====== Provided entries ======

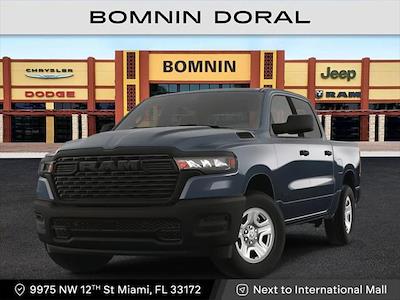 New 2025 Ram 1500 Tradesman Crew Cab Pickup for sale #SN243327 - photo 1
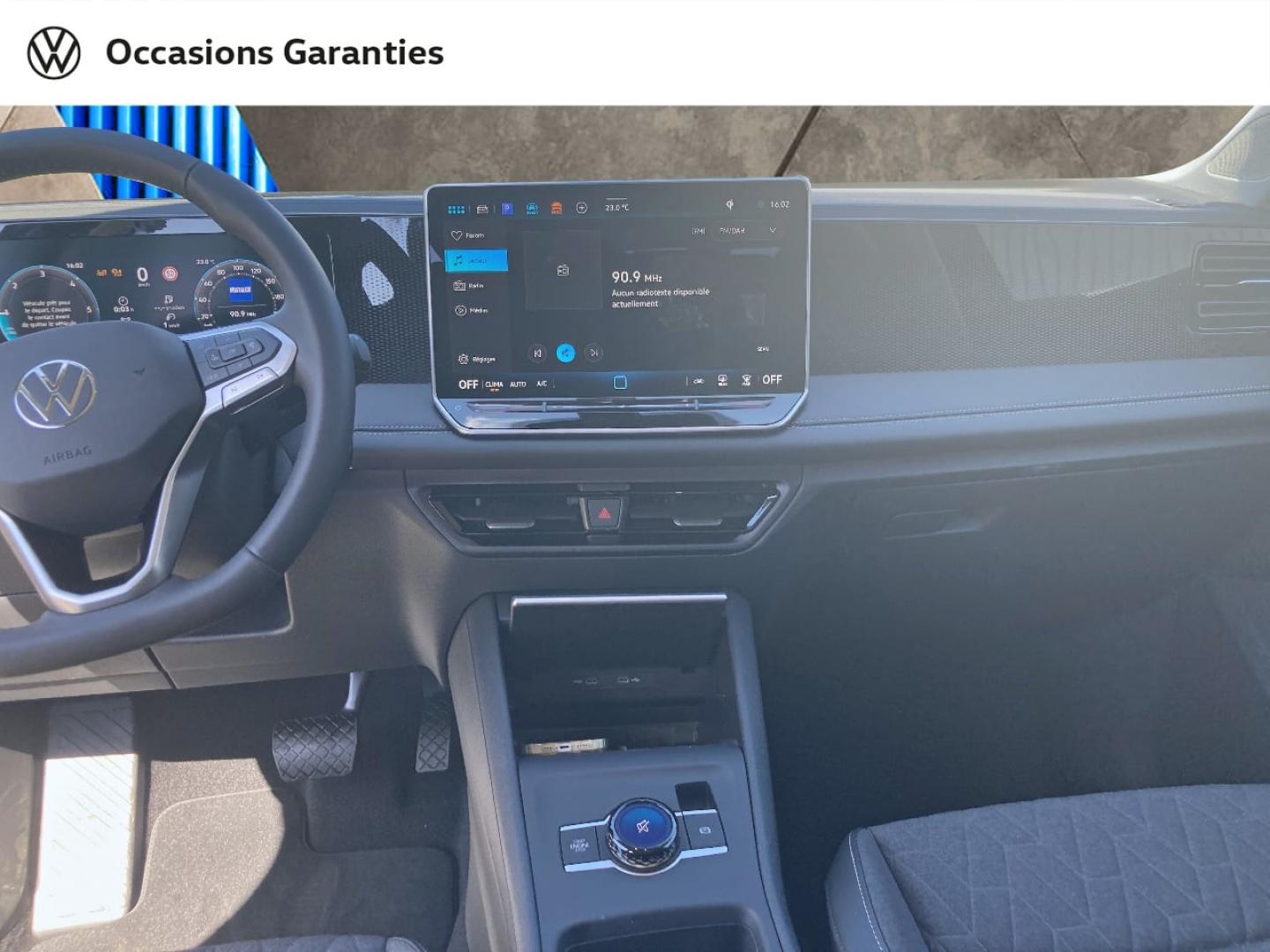 Voitures occasions VOLKSWAGEN TIGUAN VW Edition Abbeville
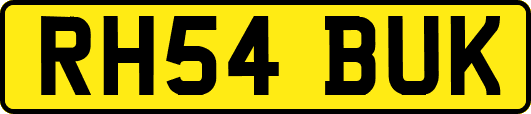 RH54BUK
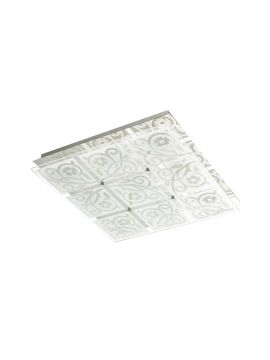 Потолочный светодиодный светильник Odeon Light Grace 4058/45CL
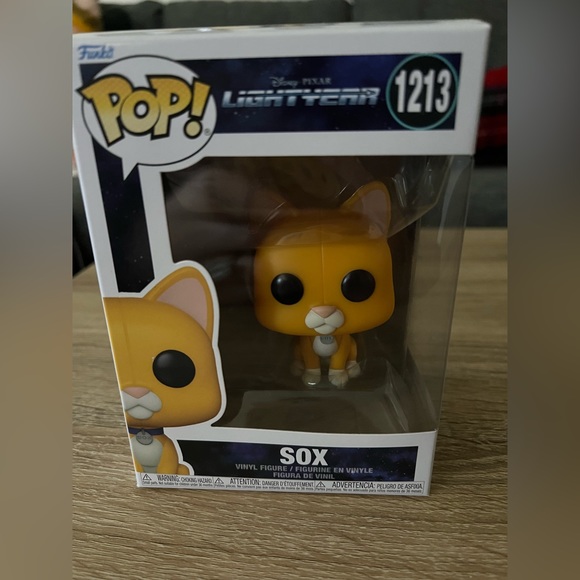 Sox Funko Pop
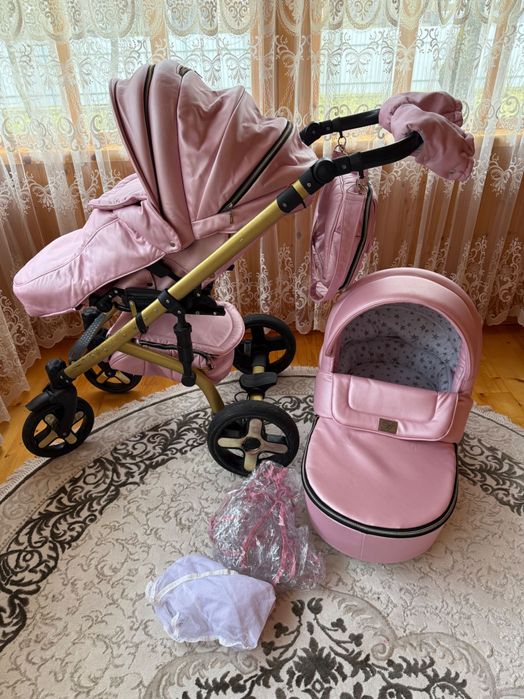 Дитяча коляска 2 в 1 Baby Pram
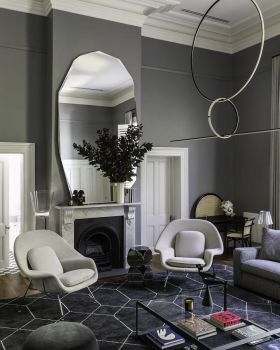 Orchard House 住宅设计丨澳大利亚墨尔本丨Chelsea Hing 工作室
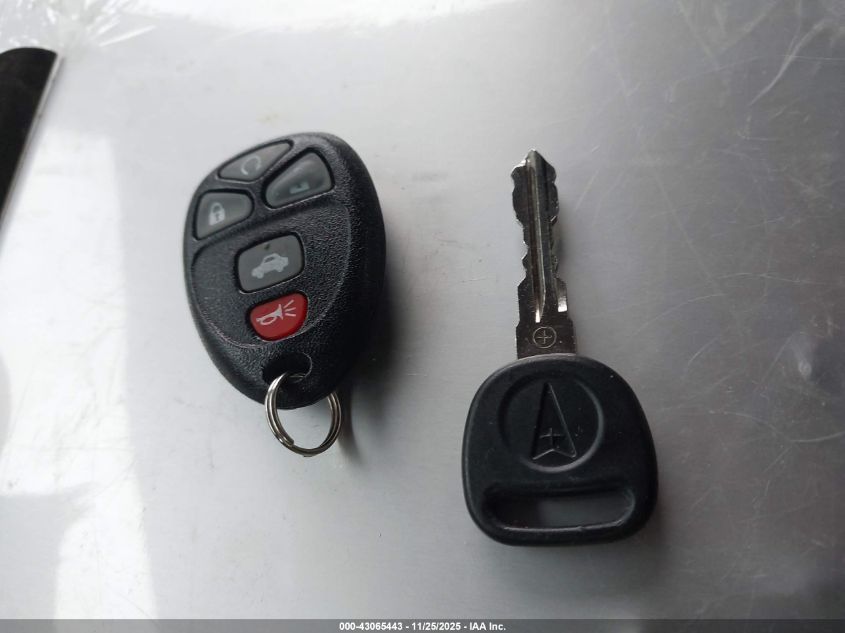 2008 Pontiac G6 Gt VIN: 1G2ZH57N884197281 Lot: 43065443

======

## Problem
Render the data above verbatim and without pictures.

## Result
 New 2025 Ram 1500 Tradesman Crew Cab Pickup for sale #SN243327 - photo 1
 Voitures occasions VOLKSWAGEN TIGUAN VW Edition Abbeville
 RH54BUK
 Потолочный светодиодный светильник Odeon Light Grace 4058/45CL
 Sox Funko Pop
 Дитяча коляска 2 в 1 Baby Pram
 Orchard House 住宅设计丨澳大利亚墨尔本丨Chelsea Hing 工作室
 2008 Pontiac G6 Gt VIN: 1G2ZH57N884197281 Lot: 43065443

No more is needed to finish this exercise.